Premshree Pillai ([info]premshree) wrote,
@ 2005-01-25 22:31:00
Previous Entry  Add to memories!  Tell a Friend!  Next Entry
Current music:Deep Purple - Black Night

REBOL: A better XML?
Carl has always been critical about XML. XML is verbose—that’s not news: XML, as a means for information exchange, contains a lot of redundant information. Compression of XML documents for information exchange is common.

In his recent article, Carl talks about XML, comparing it (inevitably, and for good reason too) with REBOL. Using REBOL blocks to represent semantic information makes the document readable, like XML, and at the same time is less verbose.

As an example, quoting Carl:

XML uses its metadata tags as “grouping” quotes everywhere. This extends to all levels of structure. So, to create a customer record in XML you write:
<customer>
    <name>Bob Smith</name>
    <email>bob@example.com</email>
    <site>http://www.example.com/bob</site>
    <age>27</age>
    <phone>555-1212</phone>
    <city>Ukiah</city>
</customer>
The <customer> tags indicate the bounds of the customer data record.

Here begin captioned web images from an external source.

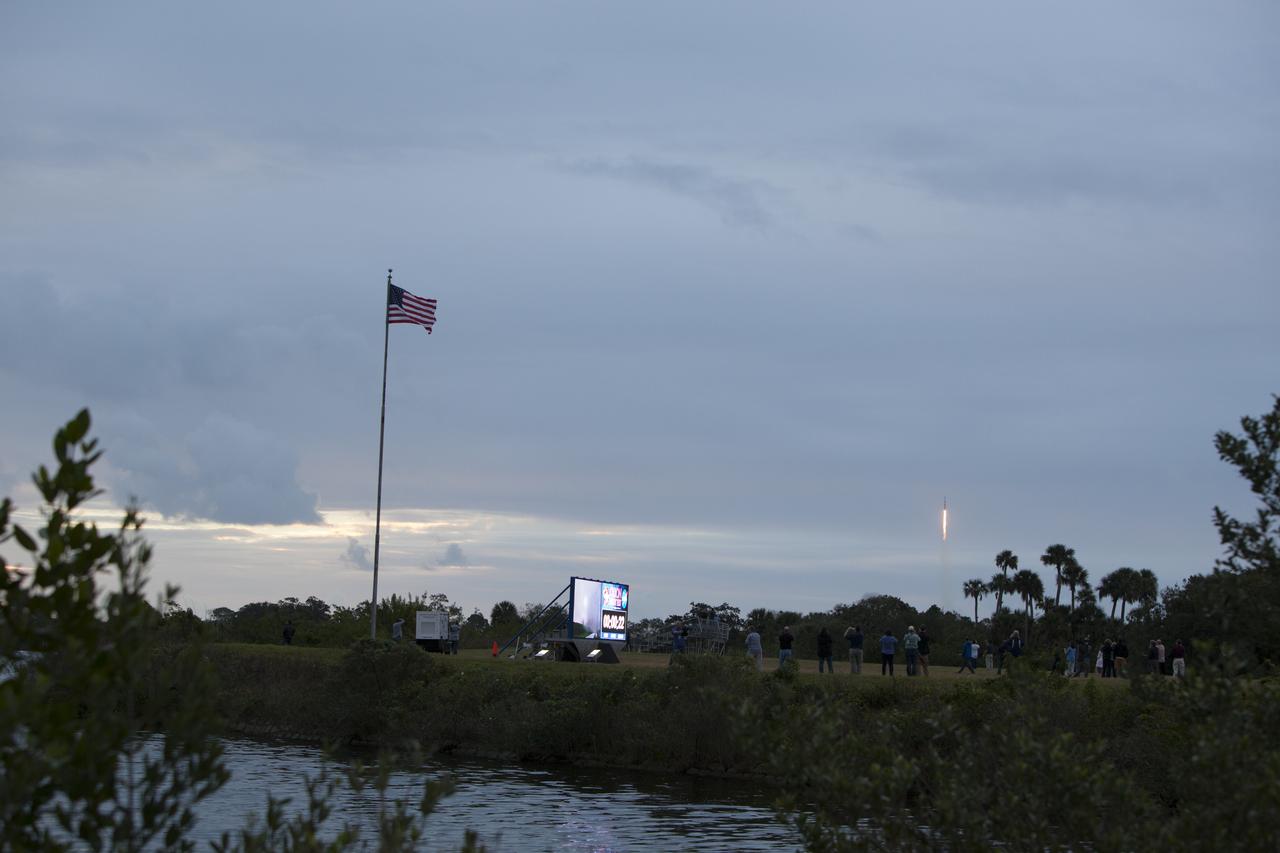A Delta IV Heavy rocket lifts off from Space Launch Complex 37 at Cape Canaveral Air Force Station in Florida carrying NASA's Orion spacecraft on an unpiloted flight test to Earth orbit. In the foreground is the newly upgraded countdown clock at the spaceport's Press Site. Liftoff was at 7:05 a.m. EST. During the two-orbit, four-and-a-half hour mission, engineers will evaluate the systems critical to crew safety, the launch abort system, the heat shield and the parachute system. 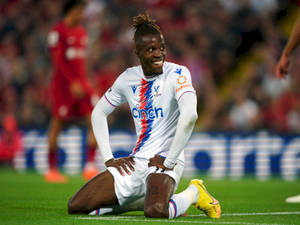 Wilfried Zaha Kneeling On Ground Wallpaper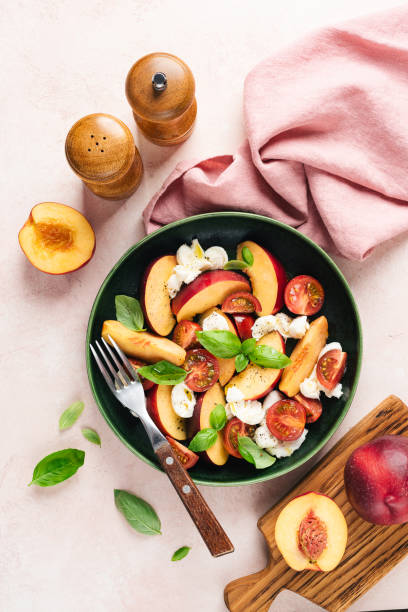 Healthy summer fruit and cheese salad Healthy summer fruit and cheese salad with peach, mozzarella, cherry tomatoes and basil. Top view vinegar stock pictures, royalty-free photos & images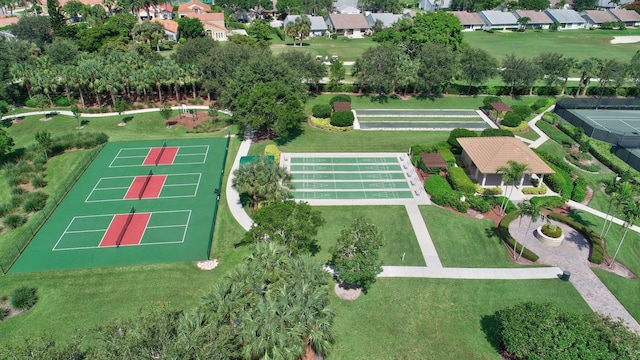 aerial view of property and surrounding area featuring nearby suburban area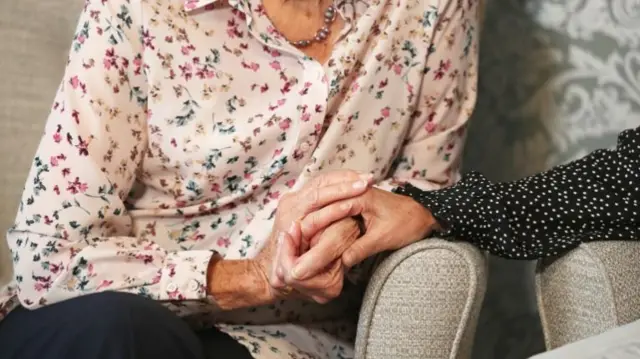 File image of an elderly woman having her hand held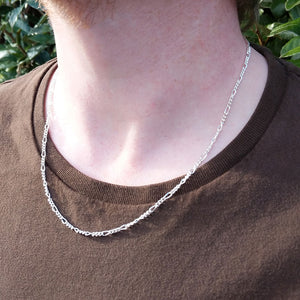 silver figaro chain on man's neck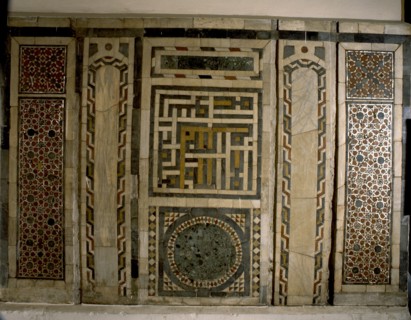 Mosaic panel with an inscription in the central square written in the interlocking script known as puzzle Kufic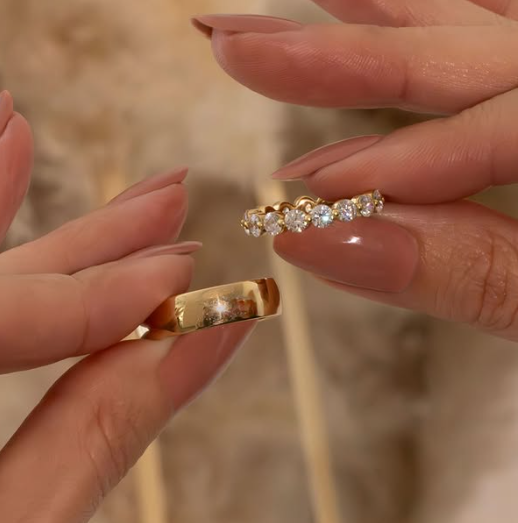 A woman is holding the most common Women’s and Men’s Wedding Ring.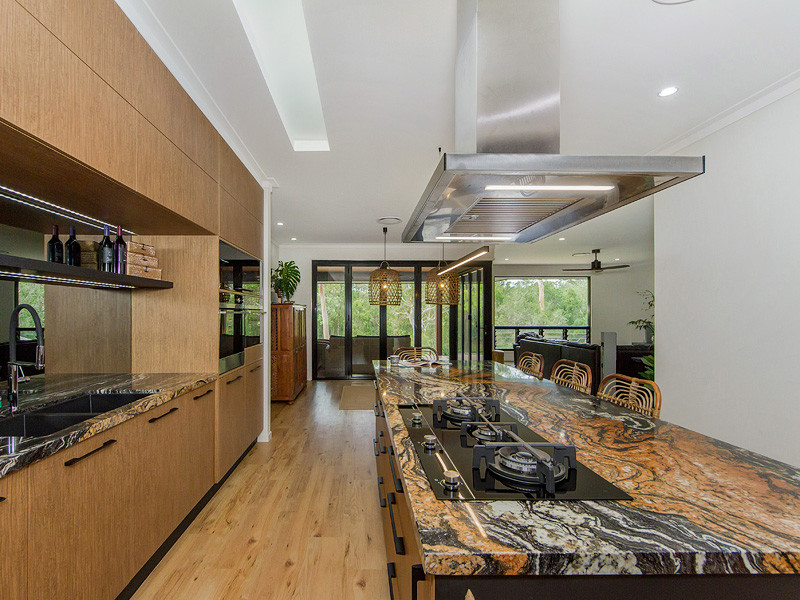 Contemporary kitchen in Brisbane with a submerged sink, medium wood cabinets, granite worktops, mirror splashback, black appliances, vinyl flooring and an island.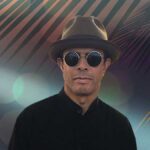 Gregory Abbotts Whisper The Words. The R&B singer wearing trendy sunglasses and stylish hat in front of a tropcial backdrop.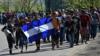 Мигранты из Гондураса идут с национальным флагом Гондураса, направляясь в Пуэрто-Барриос, в департаменте Изабаль, Гватемала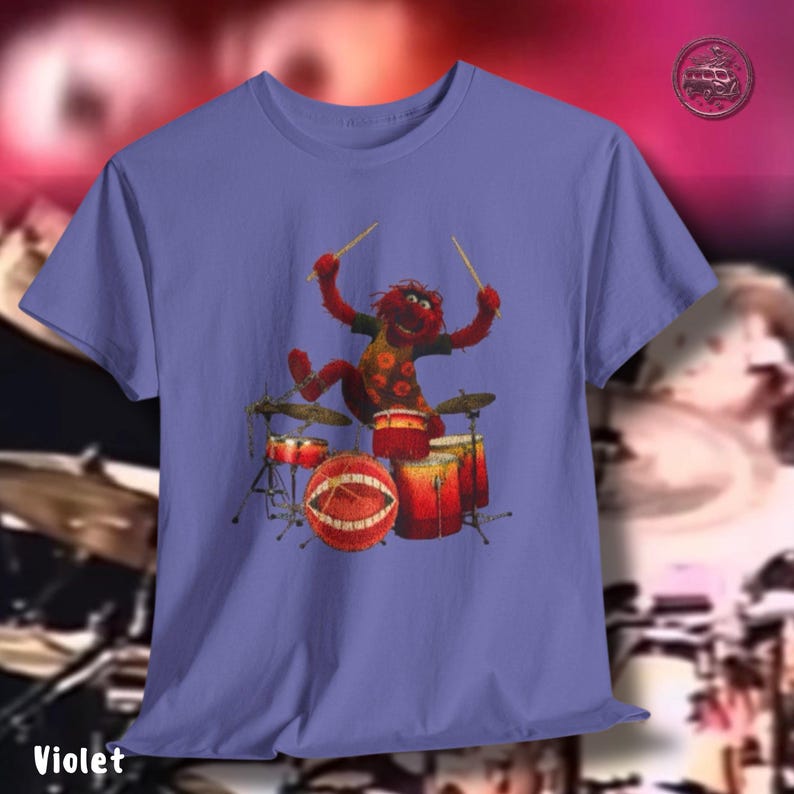 K&ouml;nnte beinhalten: Violettes T-Shirt mit einer Zeichentrickfigur, die ein Schlagzeug spielt. Die Figur ist rot mit gelben und orangen Akzenten. Das Schlagzeug ist rot und orange. Das Wort "Violet" ist unten auf dem T-Shirt aufgedruckt.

In REBOL, there is a single mechanism for all groups of data: blocks. The above example would be:
customer: [
    name:  "Bob Smith"
    email: bob@example.com
    site:  http://www.example.com/bob</website>
    age:   27
    phone: #555-1212
    city: "Ukiah"
]
Here REBOL’s block symbols [ ] are used to indicate the bounds of the customer data record. This method works for all levels of structure.
As Carl mentions, in certain cases semantic may be implied too:
The XML situation becomes even worse when a sequential series of values needs to be expressed. Suppose the customer record above is extended to indicate products of customer interest:
<interests>
    <product>cpu</product>
    <product>memory>/product>
    <product>disk</product>
</interests>
Even if this record were 1000 products long, the same redundant tags would be applied. That's because XML uses tags as delimiters (quotes).

In REBOL, you would recognize that the products all come from the same semantic domain, so you can imply the semantics in such cases and just write:
interests: [cpu memory disk]
Now that’s something you couldn’t do with XML.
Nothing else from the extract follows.